Web page caption snippets:
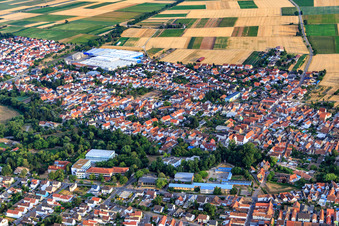 Vue aérienne de Spiegelbachhalle, Realschule plus, école primaire Bellheim et association des communes Bellheim à Bellheim dans le département Rhénanie-Palatinat, Allemagne
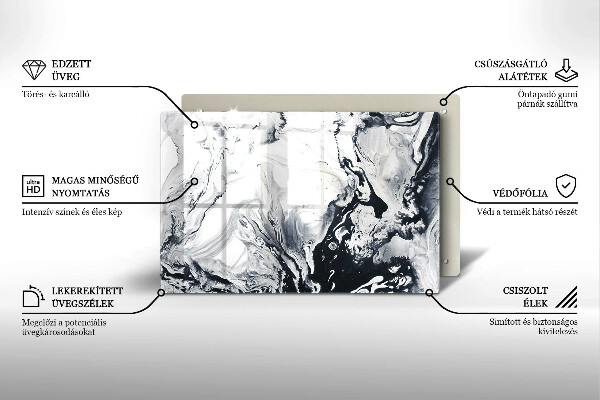 Piatto per candele con motivo ad inchiostro in stile astratto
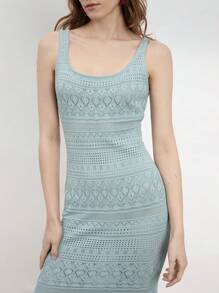 Maija Trang phục mùa hè màu xanh cho nữ, cổ vuông, vải họa tiết rỗng, không tay, váy thời trang tối giản thanh lịch, thích hợp cho lễ hội âm nhạc ngoài trời, váy len dệt kim dài vừa phải - màu xanh lá - Xem 6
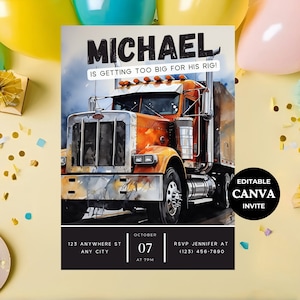 Convite de aniversário de menino de caminhão grande, convite para festa de promoção de homem, convite de construção, download, caminhão semi, qualquer idade, editável, BT001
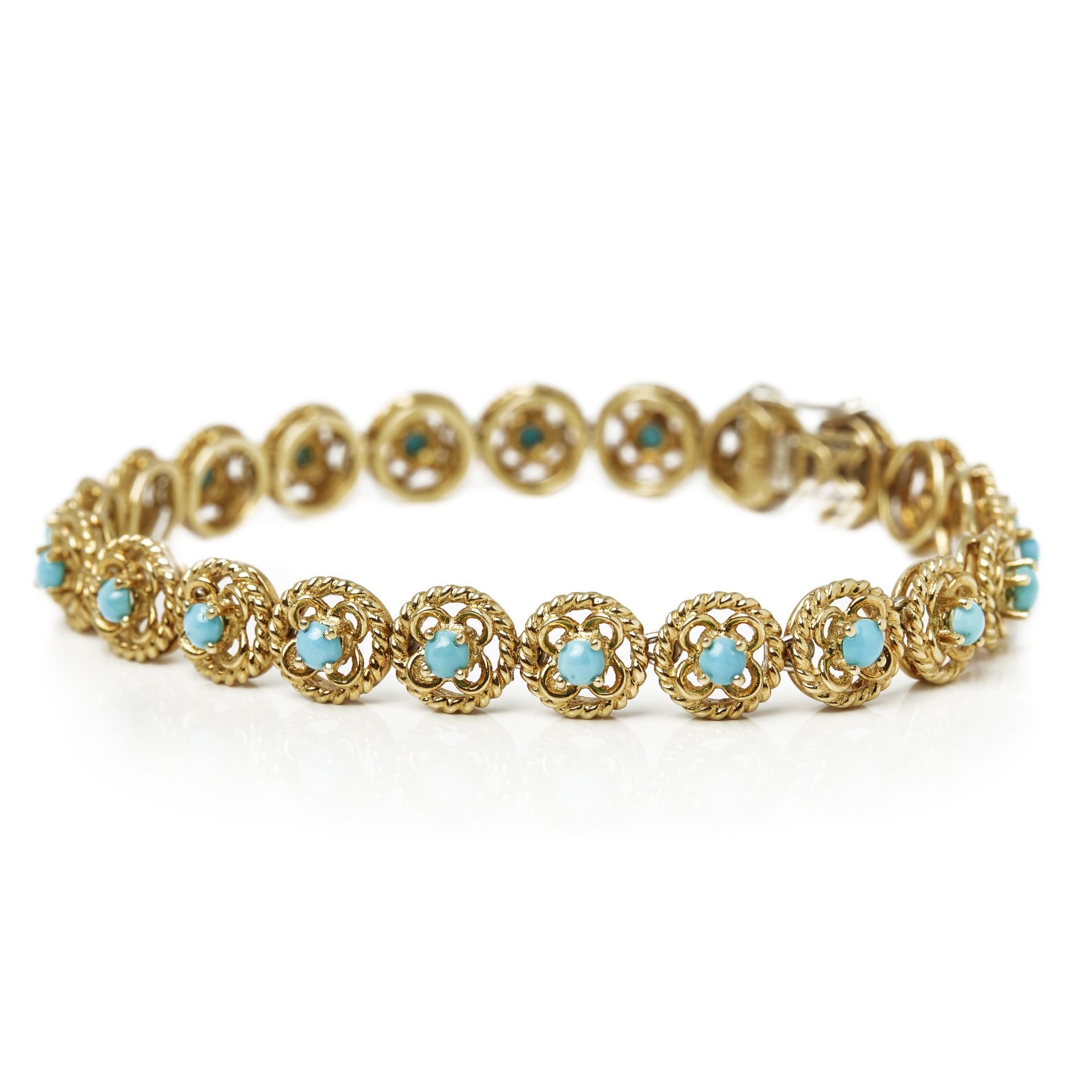 Cartier 18k Yellow Gold Turquoise Bracelet - Image 2 of 9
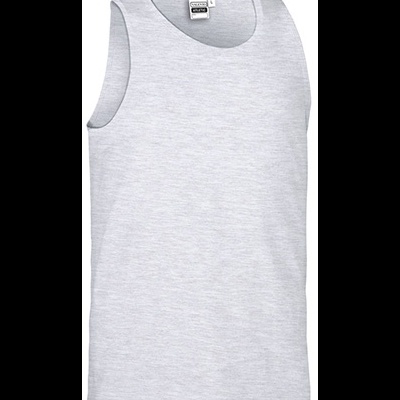 Camisola de alças cinza claro com etiqueta na gola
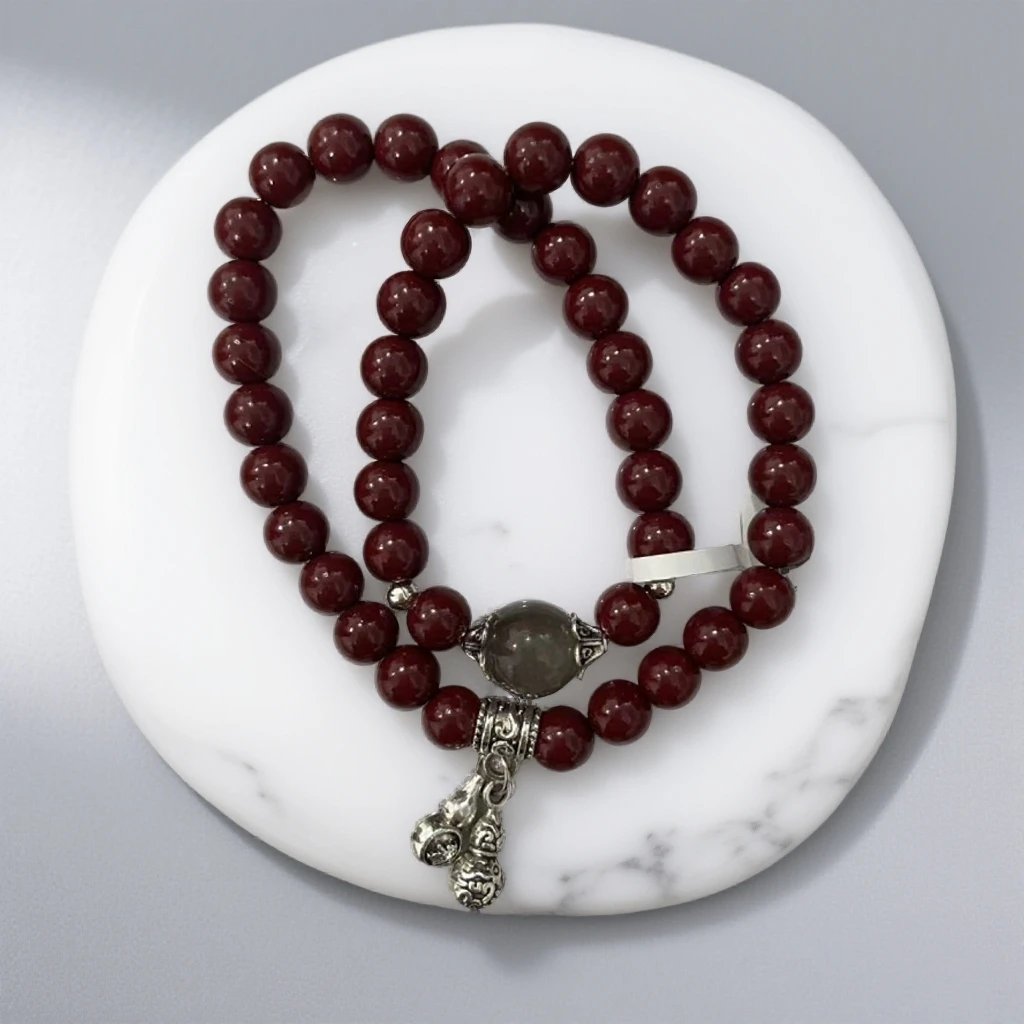 天然辰砂S1183-朱砂双圈葫芦配饰精品手串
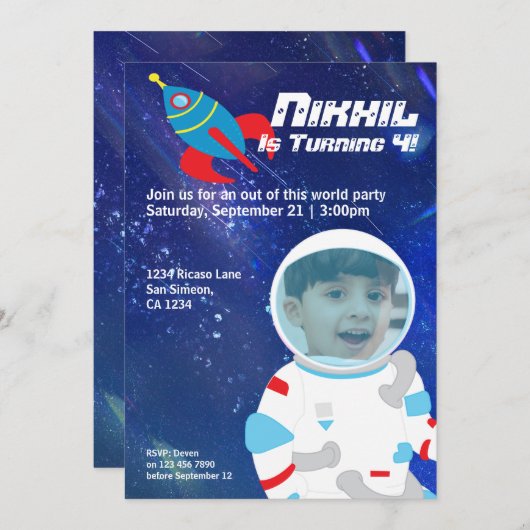 Invitation Anniversaire de l'astronaute spatial (Devant / Derrière)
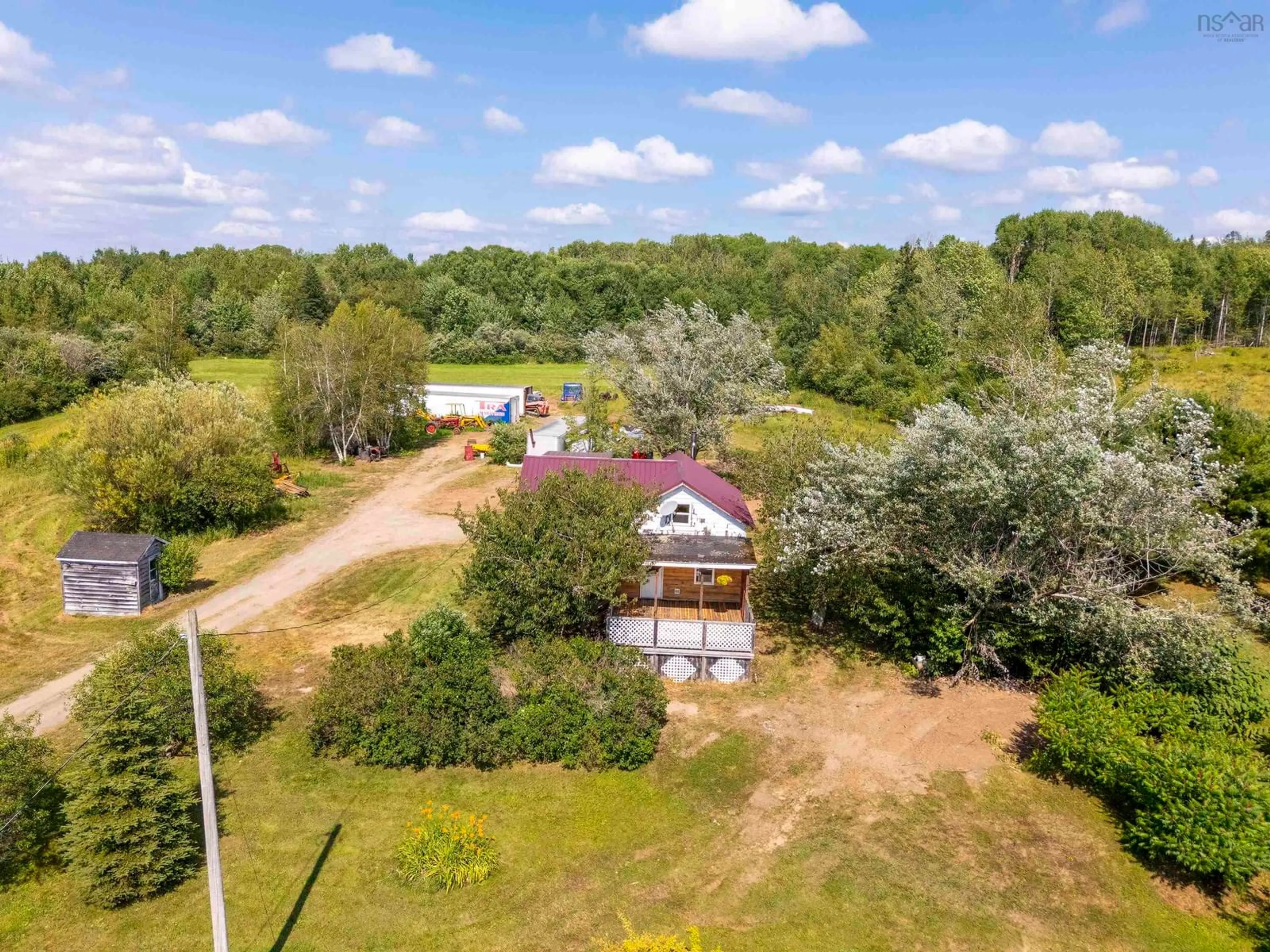 A pic from outside/outdoor area/front of a property/back of a property/a pic from drone, forest/trees view for 1718 Bloomington Rd, Bloomington Nova Scotia B0S 1P0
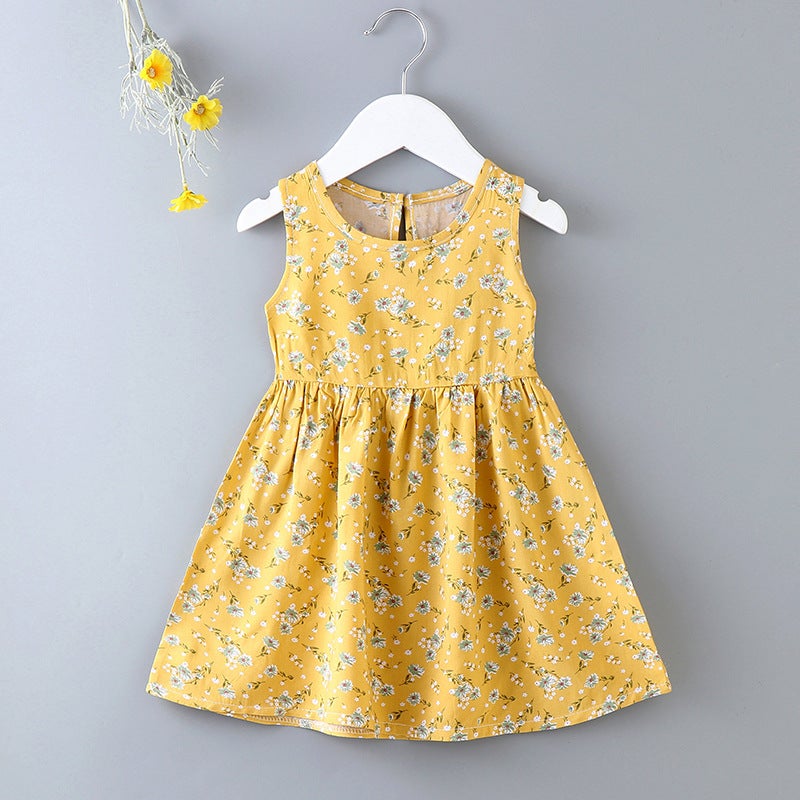 Girl's dress Summer Floral Princess Dress Beach Dress 2025 New Cotton Vest Dress Children'S A- Line Dress - Image 3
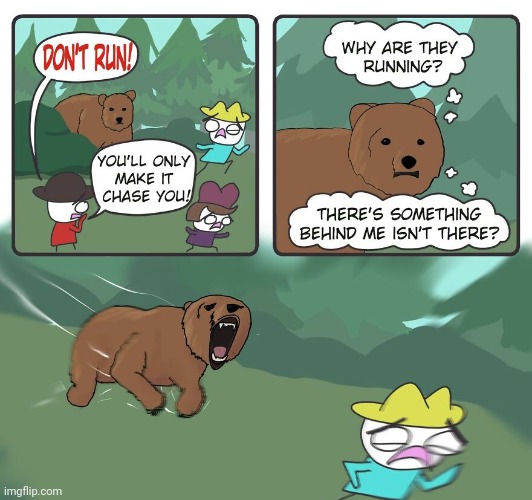 BEAR | image tagged in bears,bear,chase,chasing,comics,comics/cartoons | made w/ Imgflip meme maker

▶ [Required work]
Only the lines from the beginning of the records through the line bearing "Piatto per candele" belong in the answer, copied word for word with pictures left out.

▶ [Answer to the problem]
 Vue aérienne de Spiegelbachhalle, Realschule plus, école primaire Bellheim et association des communes Bellheim à Bellheim dans le département Rhénanie-Palatinat, Allemagne
 Piatto per candele con motivo ad inchiostro in stile astratto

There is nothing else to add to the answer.